Octave était abasourdi par ces révélations. Quatorze mois plus tard, il venait au monde. Il avait vécu dix-huit ans fils unique, et s'était engagé dans des études juridiques dans l'objectif de devenir avocat et exercer dans le cabinet de son père. Le message était assez clair, en fait.

_ J'ai pris sa place, dit-il en relevant la tête.

Le visage de sa mère se figea d'effarement.

_ Qu'est-ce que tu dis ? Non, Octave, non, tu n'es à la place de personne, si ce n'est la tienne.

_ Pourtant, ça y ressemble, non ? Elle est partie parce qu'elle ne voulait pas reprendre le cabinet de Papa alors que moi, c'est ce que je veux faire plus tard.

_ Oui, mais parce que tu l'as choisi. Ton père ne t'a jamais obligé à faire quoi que ce soit.

_ Forcé, non.

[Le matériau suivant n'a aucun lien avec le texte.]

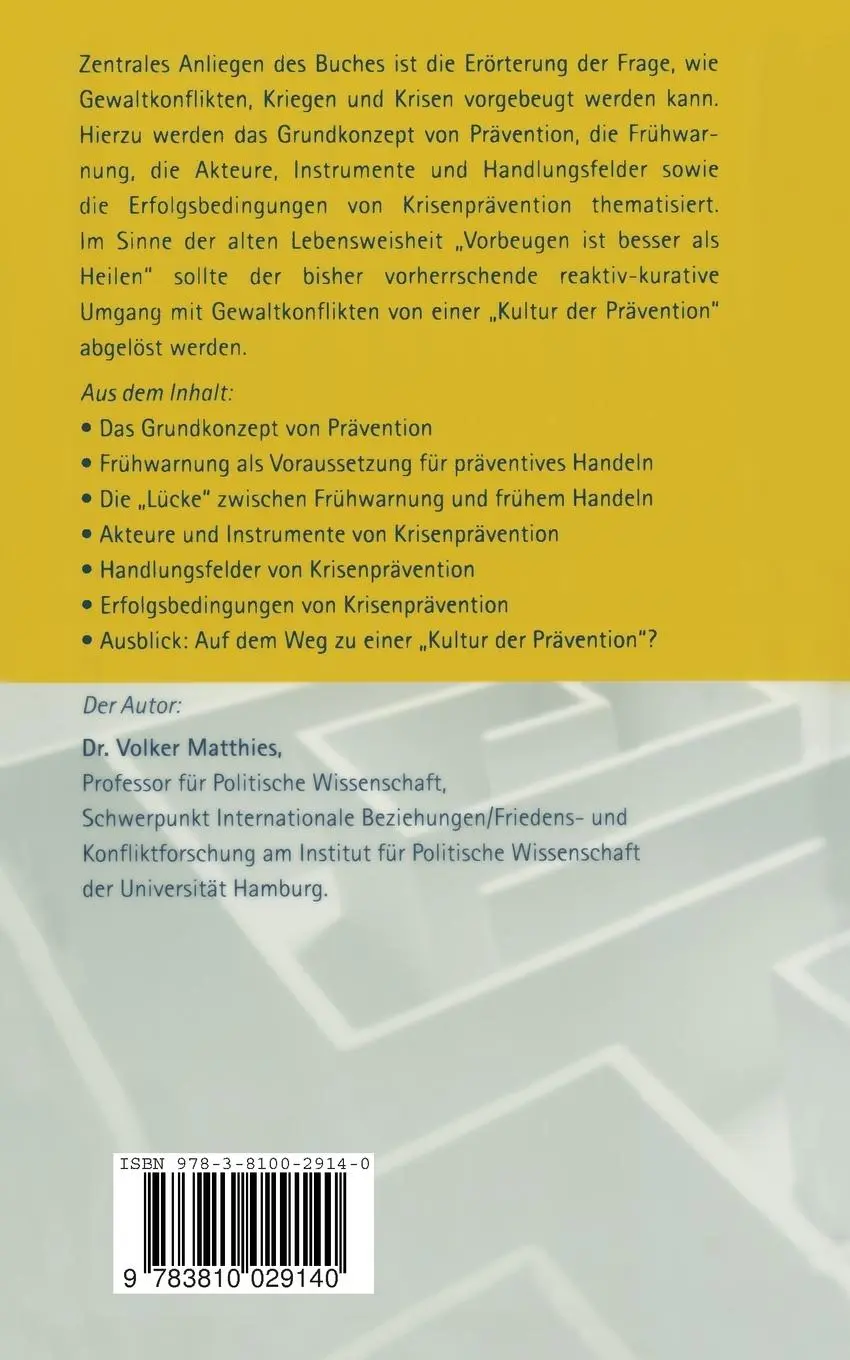 Rückseite: 9783810029140 | Krisenprävention | Vorbeugen ist besser als Heilen | Volker Matthies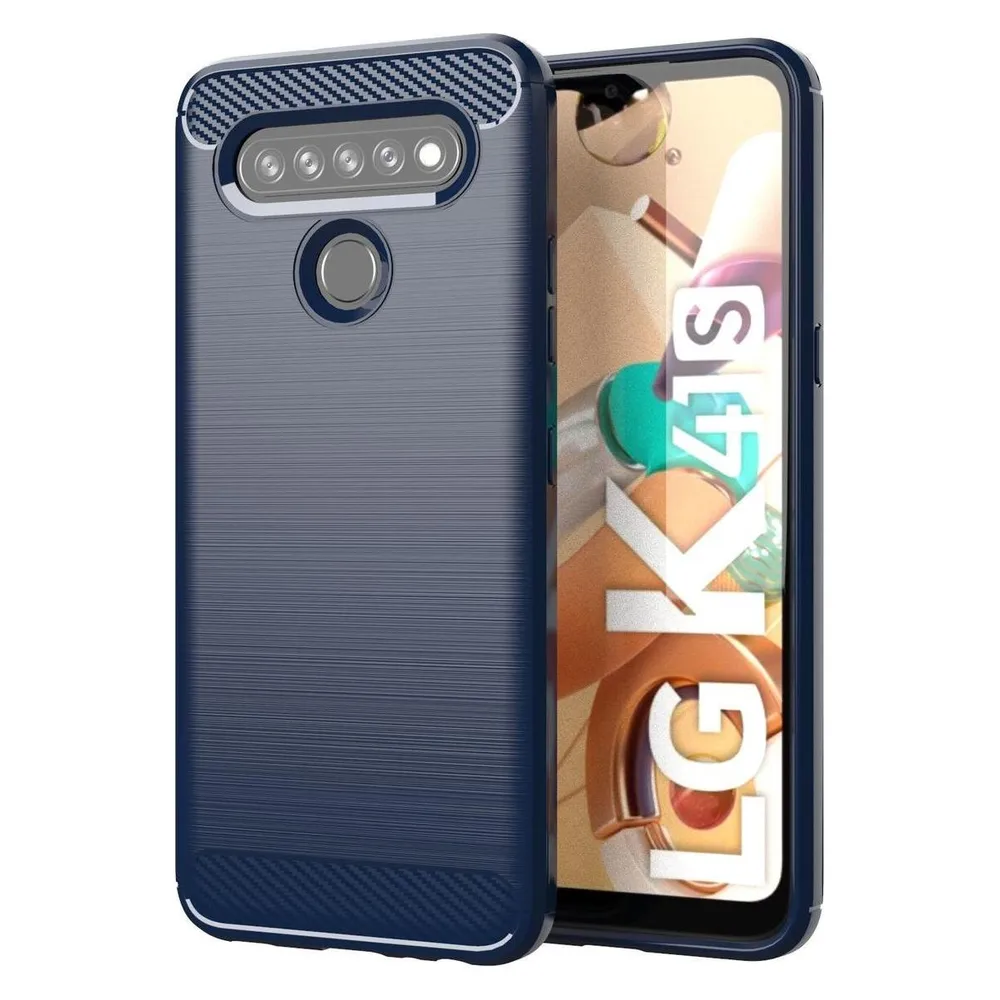 König Design Hülle Handy Schutz für LG K41S Case Cover Bumper Carbon Optik Etuis TPU Blau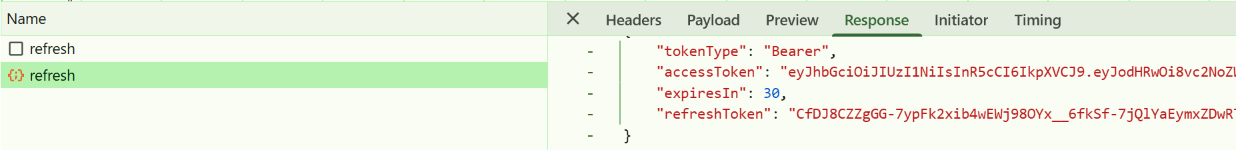 The response to the 'refreshToken' request from the Report Server for .NET with the new couple of short-lived tokens.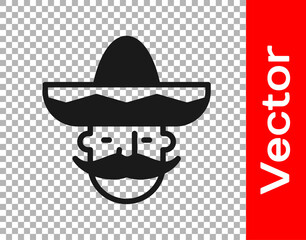 Black Mexican man wearing sombrero icon isolated on transparent background. Hispanic man with a mustache. Vector.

Mais influencé, sûrement.

Sa mère soupira.

_ Tu es venu parce que nous le voulions, geint-elle.

_ Pour la remplacer, donc.

_ Non, tu ne comprends pas.

_ Ah si, parfaitement !

Après avoir été tant confus, il était à présent énervé. Il se leva d'un bond.

_ Je vais me coucher, bonne nuit, dit-il froidement.

_ Octave, attends...

Il ne l'écoutait plus. Il ne voulait plus l'entendre. Il sortit du salon, monta les escaliers quatre à quatre, et alla s'enfermer dans sa chambre. Il essaya d'enlever sa chemise, mais ses mouvements étaient trop brusques et il ne parvenait pas à détacher les boutons. Rageur, il se força à respirer calmement et put enfin s'en débarrasser. Il alla ensuite dans sa salle de bain et s'aspergea plusieurs fois le visage d'eau. S'appuyant sur les rebords du lavabo, il retrouva un état apaisé. Quelle soirée... Il se dépêcha ensuite de se mettre au lit.

Mais il ne trouva pas le sommeil. Cela aurait été bien trop facile et bien trop beau.

Les émotions se succédaient, accompagnées d'une multitude d'interrogations sans réponse. Alors il ferma les yeux pour y voir plus clair. Il nageait en pleine incompréhension. Comment ses parents avaient-ils pu lui cacher l'existence de sa sœur aussi longtemps ? Quel genre de parents faisaient cela ? Où était le but, quelle logique cela avait ? A ses yeux, il n'y en avait pas. Et cela le mettait en colère. Il avait eu besoin de cette sœur, ses parents n'auraient pas dû prendre le droit de le tenir éloigné d'elle, ni de choisir pour lui s'il devait la voir ou non. Pourtant, ce qui l'exaspérait le plus, c'était ce qu'il ressentait, lui. Ses pensées étaient divisées et avaient engagé un duel acharné dans son esprit. Il enrageait face à son comportement à elle. Pourquoi n'était-elle pas revenue ? N'avait-elle pas eu envie de le connaître ? Savait-elle seulement qu'il existait ? Mais il était soulagé, si soulagé. Il avait raison depuis le début. Il avait une sœur. Elle était là, quelque part dans le monde. Oui, le monde était grand et cela aurait pu le décourager, mais il ne voulait pas y penser. Elle existait, et cela lui suffisait amplement. Amplement ? Octave fronça les sourcils et ouvrit subitement les yeux lorsque cette pensée traversa son esprit. Non, pas amplement. Il faudrait qu'il la rencontre, un jour. Il avait tellement de choses à lui dire. Il fut soudain assailli de doutes. Qu'est-ce que cela changerait à sa vie, de la connaître enfin ? Rien. Tout. Il ne savait plus. Puis, il se rassura : par principe, il se devait de la connaître. Remettre les choses en ordre. Voilà ce qui devenait important.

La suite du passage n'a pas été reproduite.